Just recently, a teenager in Georgia streamed her suicide on Facebook Live wherein she talked about being abused by her step-father and profusely apologized to the people she loved for taking away her life. Now, it was reported that in Utah, suicide is the leading cause of death that is why experts are urging parents to talk to their children regarding mental health.

In Utah, the advice came after a Skyline High School student took away his life. The 17-year-old was identified as Andrew Garcia. A candle light vigil was held at the school to remember him.
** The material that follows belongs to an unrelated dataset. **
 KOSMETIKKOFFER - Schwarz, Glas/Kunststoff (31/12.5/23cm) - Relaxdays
The grandfather of the teen, Wayne Voorhes, said during the vigil that there is a way to prevent suicide in the future, Good 4 Utah reported.

Voorhes noted, "If they are having problems they need to reach out to somebody, and not necessarily their parents." Voorhes continued to say his grandson was a straight A student and had a lot of scholarship offers from many colleges but it remains unclear what happened to the teen that pushed him to kill himself.
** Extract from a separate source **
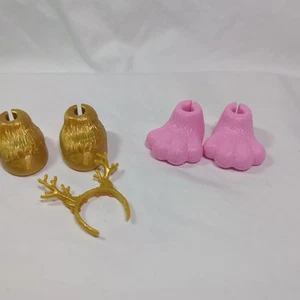 Muñeca Barbie Cutie Reveal Oro Caballo Rosa Conejito Pies de Repuesto Cascos Diadema - Imagen 1 de 8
Don Fennimore, the supervisor of the University of Utah's Mobile Crisis Outreach center, said teenagers deal with more stresses and pressure now than teens two decades ago. One of the factors that make it more difficult for teens now is the social media. Fennimore said that teens are not equipped to handle such stress so they wind up having emotional problems, depression and anxiety.

Social media makes children believe they have to be perfect so they make more impulsive decisions than adults. They are then more at risk to suicide if they fail at one point such as being arrested, getting bad grades, or breaking up with a boyfriend or girlfriend.

Experts believe one way to say teens are bothered by something is if they break from their routine such as no longer hanging out with their friends, skipping activities they used to love or spending a lot of time alone. Experts urge parents to engage their children in a conversation until they tell them what is wrong.

In Georgia, after the viral video of the suicide made rounds online, WHAM reported that school districts released letters to parents regarding the topic of suicide. Many of the letters urged parents to monitor the activities of their children on social media.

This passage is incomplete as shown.